■ Task to complete
Repeat every record below exactly, leaving out the pictures.

Brief descriptive captions:
──────

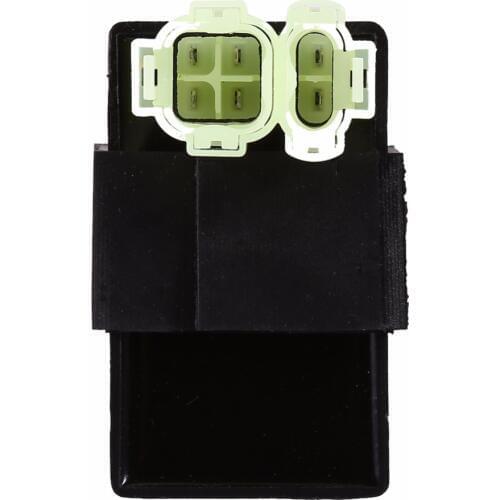 Motorcycle GY6 Two Plugs 6Pins CDI BOX For ATV Scooter GO KART Moped 50cc 125cc 150cc 250cc 300cc Motocicleta
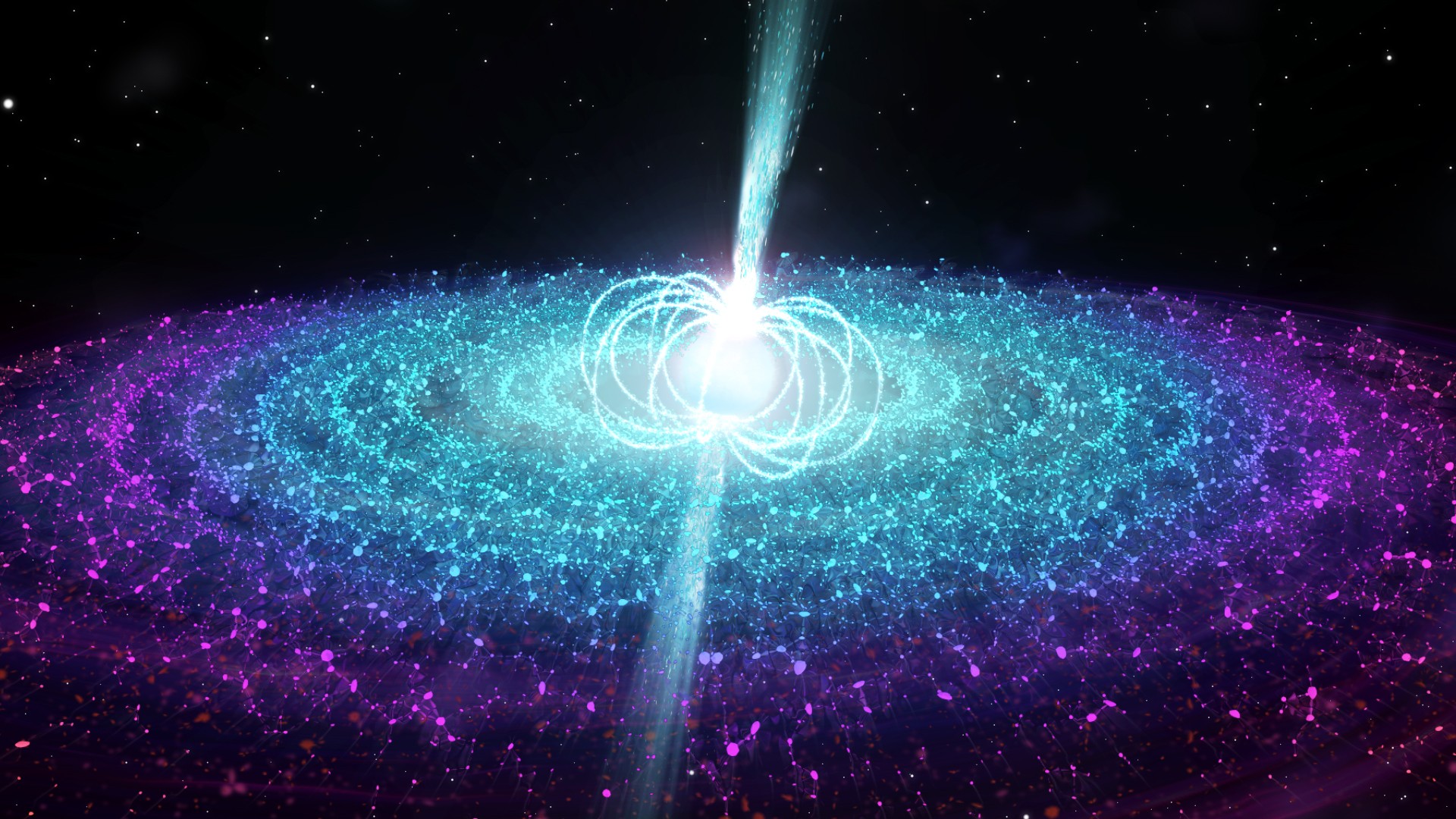 What is neutron star?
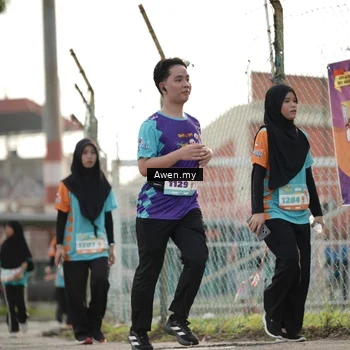 Runner Photo 8335407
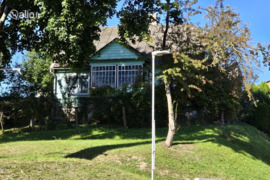 Kėdainių r. sav., Kėdainiai, Vokiečių g.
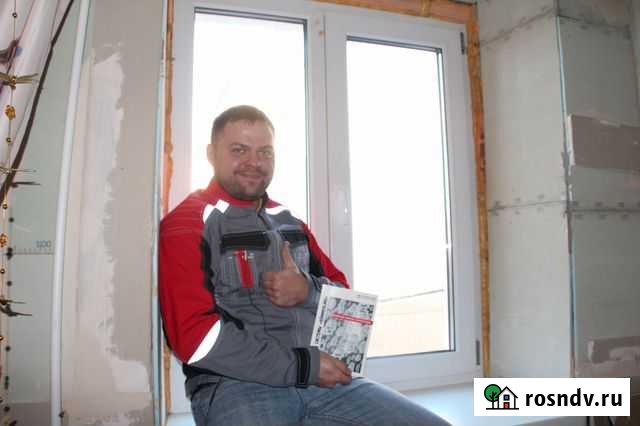 Ремонт Пластиковых Окон. Ремонт Дверей Новосибирск - изображение 1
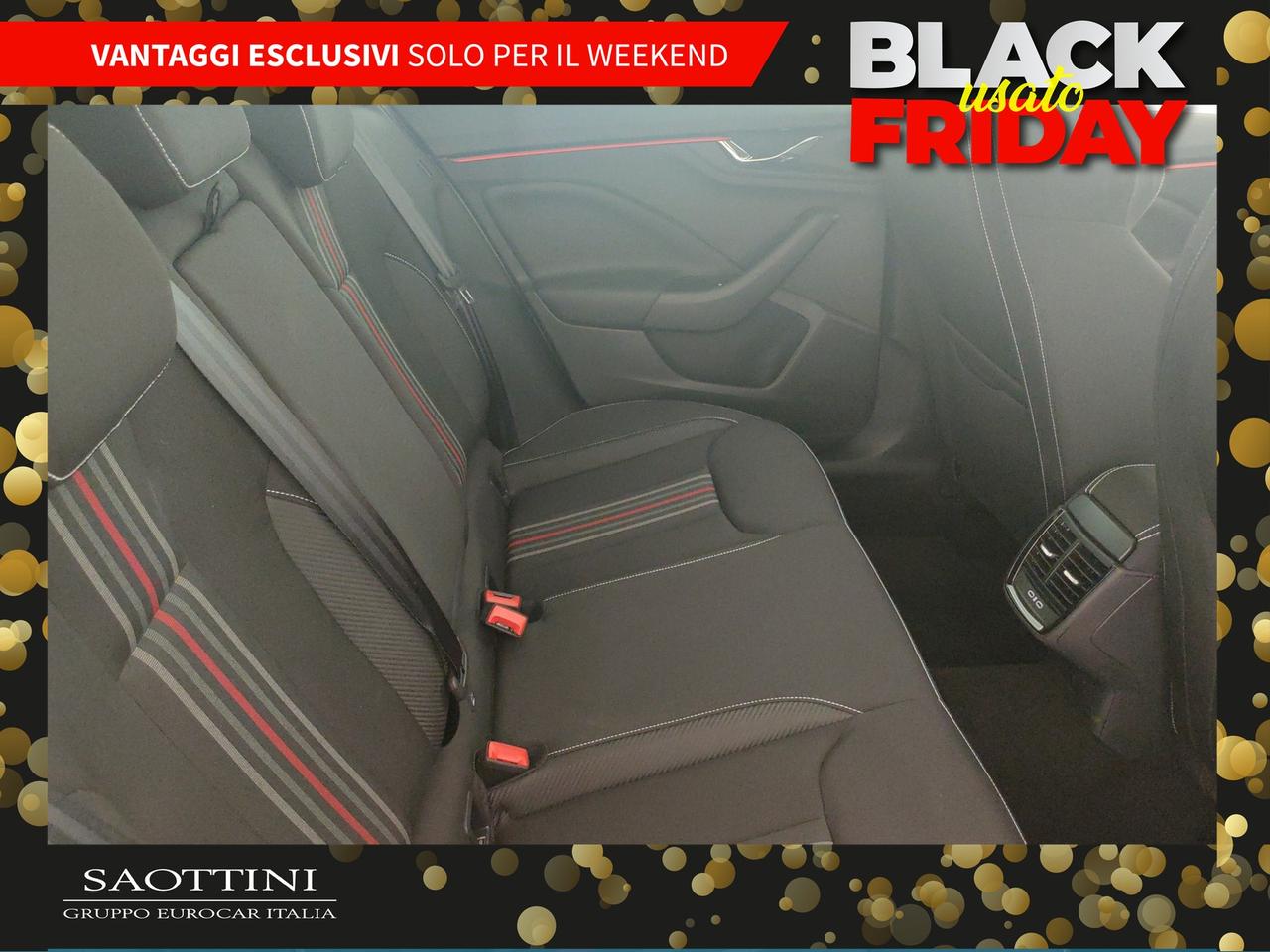 1.0 TSI Monte Carlo 115 CV DSG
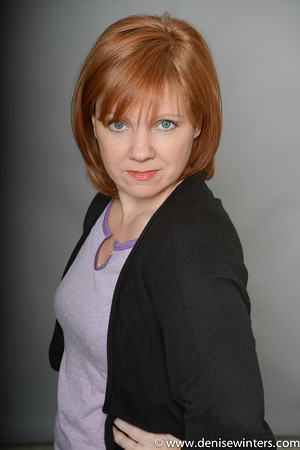 Jennifer Montague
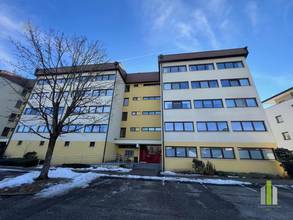 Thumbnail von Wohnung mit viel Potential in Toplage!!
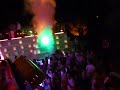 House Party, Ibiza style,Groove Armada resident DJ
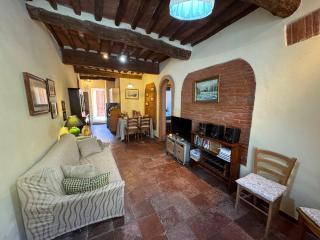 Casina Bella Di Lucca - Lucca - 7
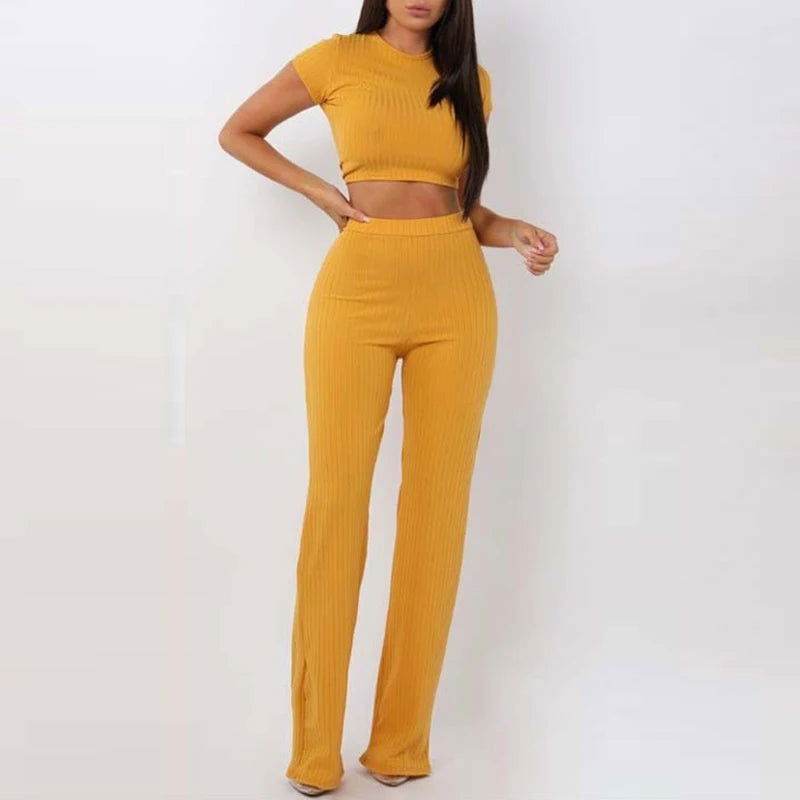 Conjunto Feminino Street - Sua Boutique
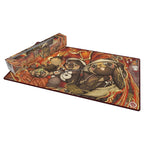 Product image Ultimate Guard Play-Mat Magic: The Gathering "Secrets of Strixhaven" - Pyretic Ritual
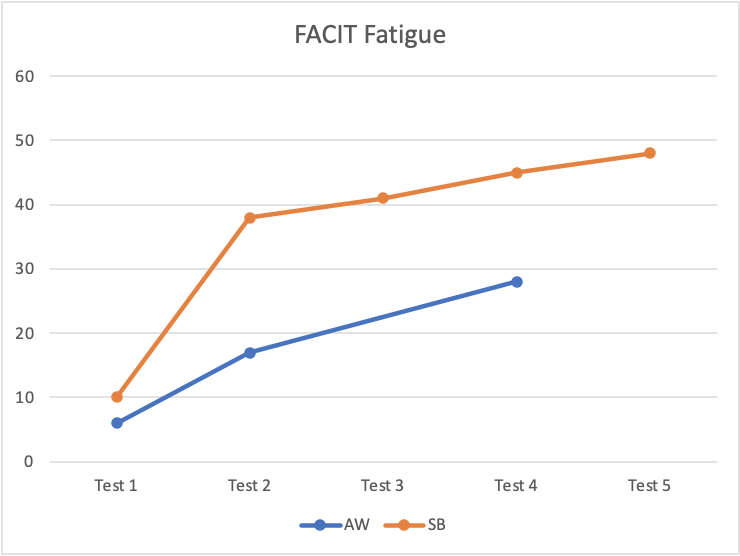 FACIT Fatigue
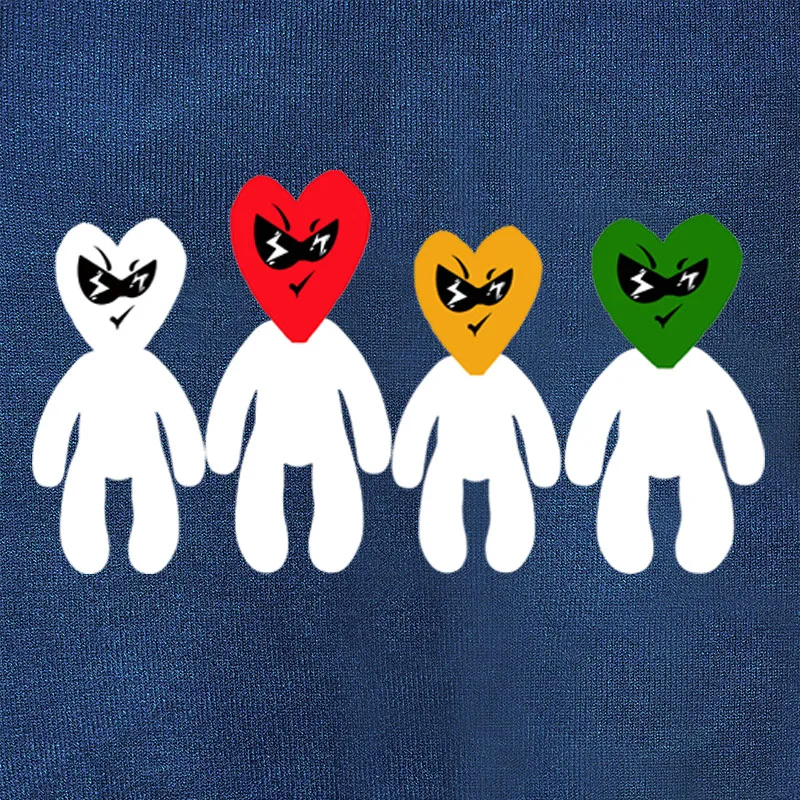 Женский кардиган Break Egg с v-образным вырезом вышитый муравьем однобортный осенний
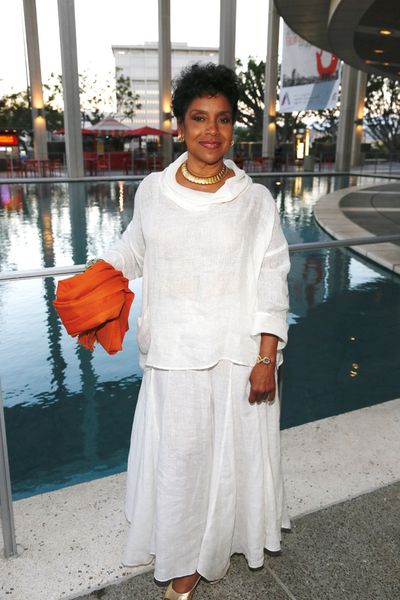 Director Phylicia Rashad Photo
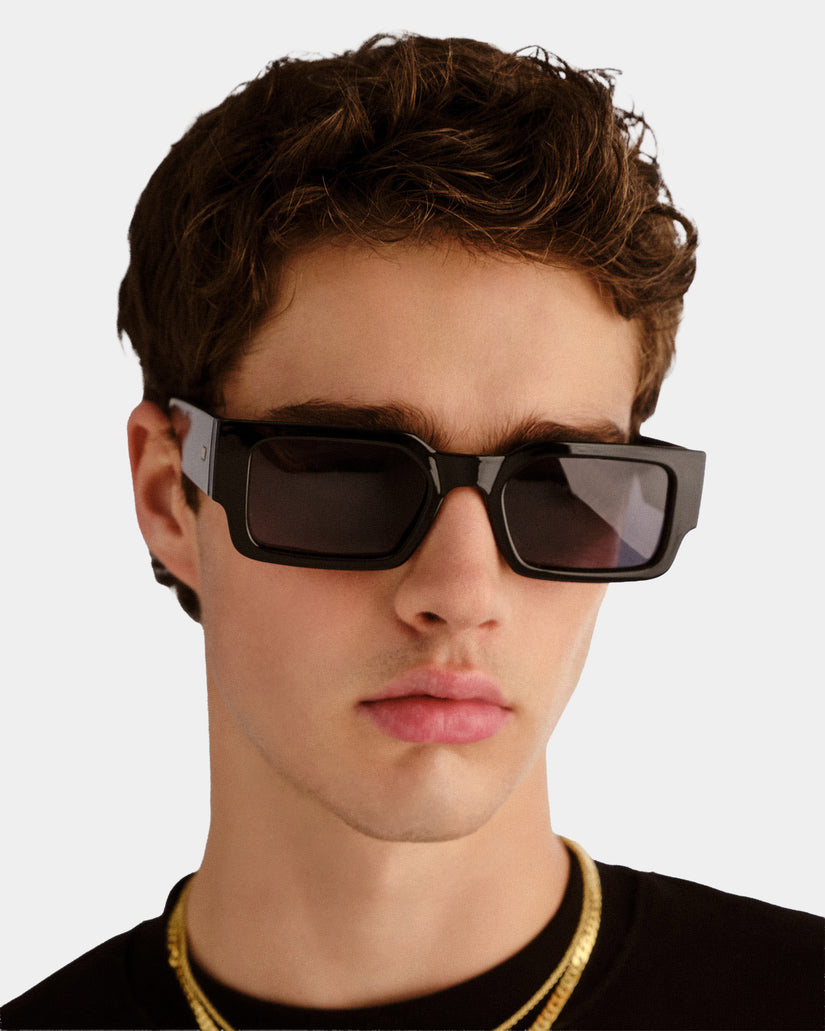 Contemplation Polarized Sunglasses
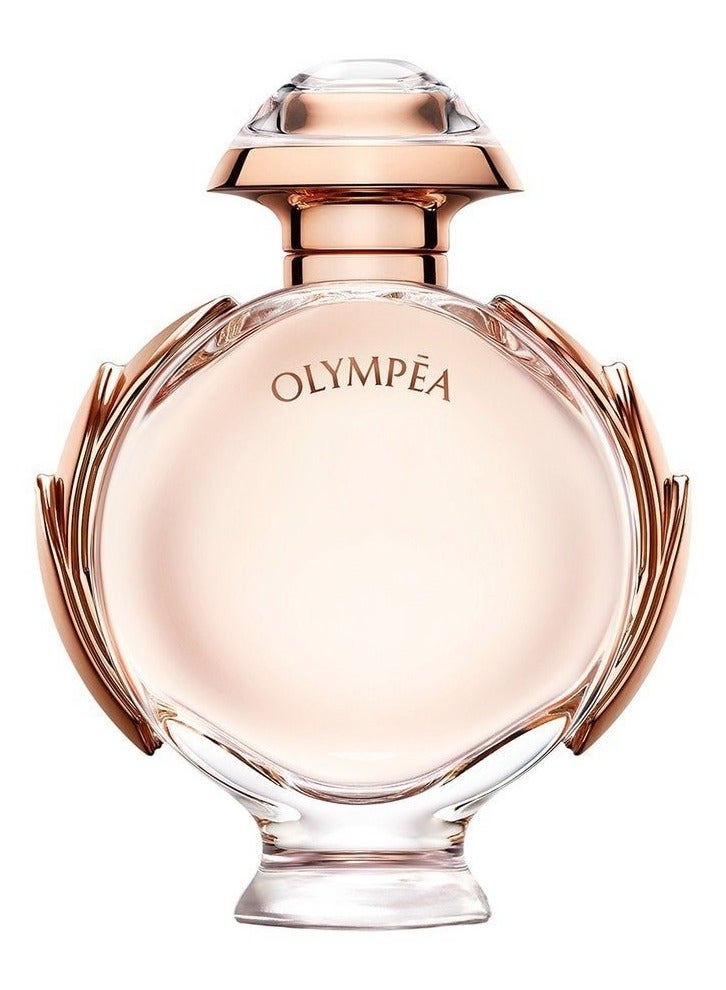 رابان أوليمبيا ماء عطر للنساء 30 مل - Image 1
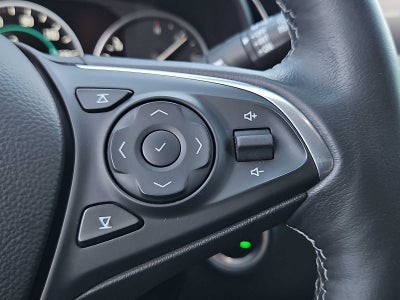 2020 Buick Envision Premium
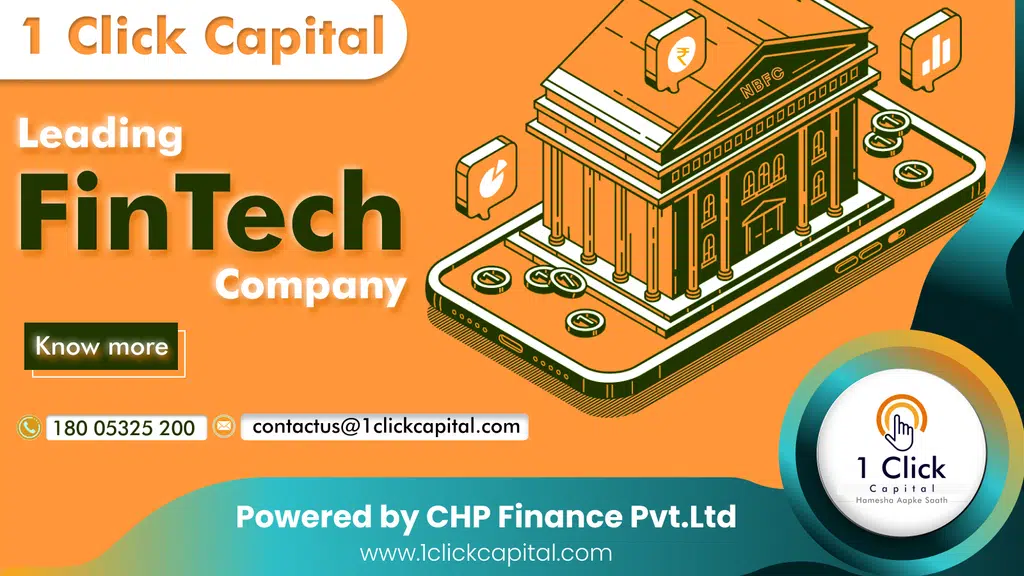 1 Click Capital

──────

■ Expected answer
 Motorcycle GY6 Two Plugs 6Pins CDI BOX For ATV Scooter GO KART Moped 50cc 125cc 150cc 250cc 300cc Motocicleta
 What is neutron star?
 Runner Photo 8335407
 Kėdainių r. sav., Kėdainiai, Vokiečių g.
 Ремонт Пластиковых Окон. Ремонт Дверей Новосибирск - изображение 1
 1.0 TSI Monte Carlo 115 CV DSG
 Jennifer Montague
 Thumbnail von Wohnung mit viel Potential in Toplage!!
 House Party, Ibiza style,Groove Armada resident DJ
 Casina Bella Di Lucca - Lucca - 7
 Conjunto Feminino Street - Sua Boutique
 Product image Ultimate Guard Play-Mat Magic: The Gathering "Secrets of Strixhaven" - Pyretic Ritual
 FACIT Fatigue
 Женский кардиган Break Egg с v-образным вырезом вышитый муравьем однобортный осенний
 Director Phylicia Rashad Photo
 Contemplation Polarized Sunglasses
 رابان أوليمبيا ماء عطر للنساء 30 مل - Image 1
 2020 Buick Envision Premium
 1 Click Capital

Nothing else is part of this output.